I have a problem with turkish special characters on different machines. The following code:
String turkish = "ğüşçĞÜŞÇı";
String test1 = new String(turkish.getBytes());
String test2 = new String(turkish.getBytes("UTF-8"));
String test3 = new String(turkish.getBytes("UTF-8"), "UTF-8");
System.out.println(test1);
System.out.println(test2);
System.out.println(test3);
On a Mac the three Strings are the same as the original string. On a Windows machine the three lines are (Printed with the Netbeans 6.7 console):
?ü?ç?Ü?Ç?
ğüşçĞÜŞÇı
?ü?ç?Ü?Ç?
I don't get the problem.
String test1 = new String(turkish.getBytes());
You're taking the Unicode String including the Turkish characters, and turning it into bytes using the default encoding (using the default encoding is usually a mistake). You're then taking those bytes and decoding them back into a String, again using the default encoding. The result is you've achieved nothing (except losing any characters that don't fit in the default encoding); whether you have put a String through an encode/decode cycle has no effect on what the following System.out.println(test1) does because that's still printing a String and not bytes.

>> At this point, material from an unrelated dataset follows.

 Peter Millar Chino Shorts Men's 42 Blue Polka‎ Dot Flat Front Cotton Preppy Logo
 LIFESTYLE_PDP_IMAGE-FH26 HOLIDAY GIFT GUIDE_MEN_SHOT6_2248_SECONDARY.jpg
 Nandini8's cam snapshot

String test2 = new String(turkish.getBytes("UTF-8"));
Encodes as UTF-8 and then decodes using the default encoding. On Mac the default encoding is UTF-8 so this does nothing. On Windows the default encoding is never UTF-8 so the result is the wrong characters.
String test3 = new String(turkish.getBytes("UTF-8"), "UTF-8");
Does precisely nothing.
To write Strings to stdout with a different encoding than the default encoding, you'd create a encoder something like new OutputStreamWriter(System.out, "cp1252") and send the string content to that.

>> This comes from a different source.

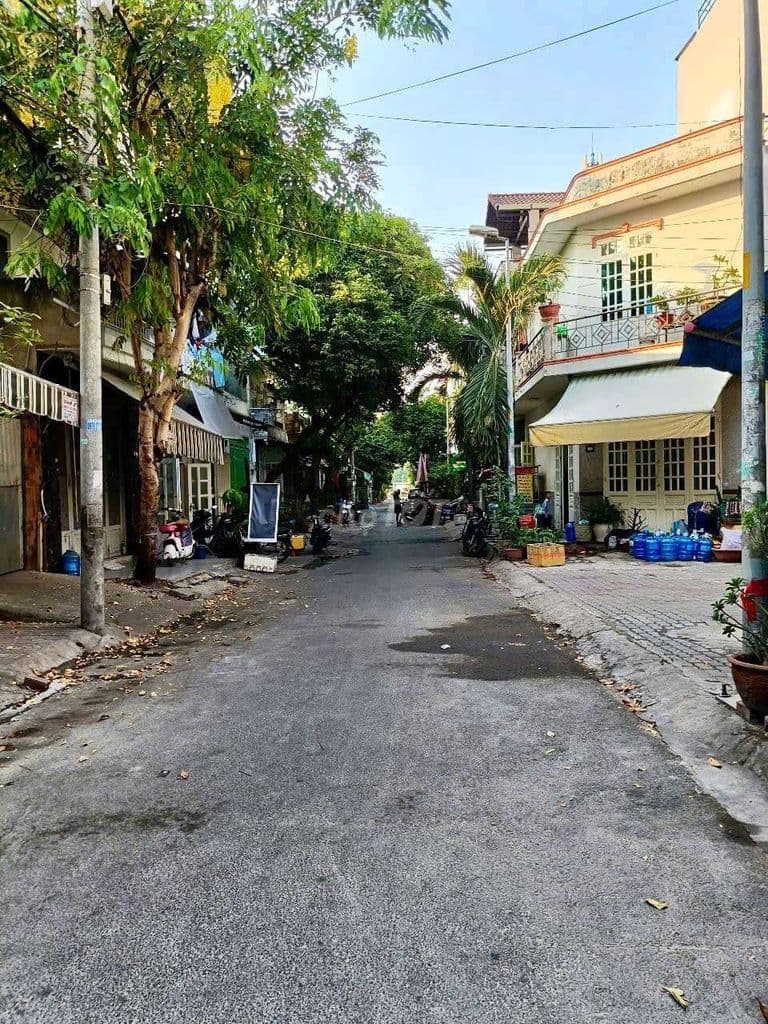 Cần bán gấp nhà 3 tấm mới gần Lê Thúc Hoạch, AEON Mail Tân Phú.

However in this case, it looks like the console is using Windows code page 1252 Western European (+1 ATorres). There is no encoding mismatch issue here at all, so you won't be able to solve it by re-encoding strings!
The default encoding cp1252 matches the console's encoding, it's just that cp1252 doesn't contain the Turkish characters ğşĞŞı at all. You can see the other characters that are in cp1252, üçÜÇ, come through just fine. Unless you can reconfigure the console to use a different encoding that does include all the characters you want, there is no way you'll be able to output those characters.
Presumably on a Turkish Windows install, the default code page will be cp1254 instead and you will get the characters you expect (but other characters don't work). You can test this by changing the ‘Language to use for non-Unicode applications’ setting in the Regional and Language Options Control Panel app.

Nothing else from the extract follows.